The Minister referred to a desire to return to some glorious past. Perhaps that past was never really that glorious at all; if we look at the history, we see Governments cutting loose and seeking electoral advantage regardless of whether it was good for the country or not. We all know that the Fixed-term Parliaments Act 2011 was part of the coalition Government’s strategy to remain in office; there was nothing else to it really. The Minister kindly referred to the Labour Party manifesto, so I remind him of the Conservative Party’s 2015 manifesto, which referred to the FTPA as
“an unprecedented transfer of Executive power.”
Presumably now we have an executive grab for power, because all other centres of power are being weakened.
The key factor in the FTPA was that the House of Commons determined the timing of the Dissolution of Parliament. The Bill takes that away and gives the Prime Minister unconstrained power over when to call an election. If a Prime Minister can unlawfully prorogue Parliament, he can also abuse the Dissolution powers. Are there any safeguards in the Bill? It is hard to see any, especially when the courts are excluded and people cannot go to them for any help.
Under the Bill, Parliament can be dissolved by a Prime Minister who is shoehorned into office—in other words, not the leader at the general election and therefore not subject to an earlier verdict of the people. Parliament can also be dissolved by a Prime Minister whose party does not have a working majority in the Commons.

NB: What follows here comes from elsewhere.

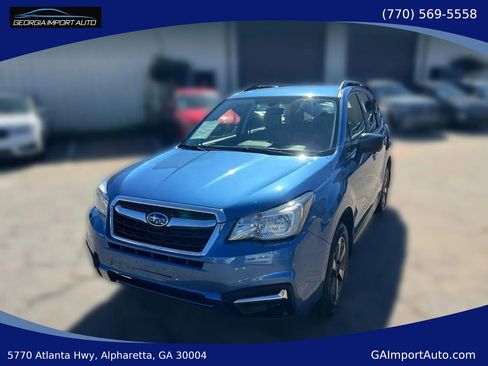 Used 2017 Subaru Forester 2.5i w/ Alloy Wheel Package image 1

What if the Prime Minister chooses not to dissolve Parliament and to go over five years? Are there sufficient safeguards? I could not really see anything in there to assure me. At least a vote in the House of Commons offered some safeguards against abusive Dissolutions, but all that is swept away. There is nothing to prevent Prime Ministers from behaving as they did in the past: pass a very favourable Budget, bribe the people, and call a general election. We are really talking about returning to the days of electoral bribery without any consideration of the consequences for the economy or the country as a whole, which in itself is an abuse of the Prime Minister’s office.
The Explanatory Notes accompanying the Bill say that
“the Sovereign dissolved Parliament only when requested to do so by the Prime Minister, and in certain exceptional circumstances, the Sovereign could refuse to grant a dissolution.”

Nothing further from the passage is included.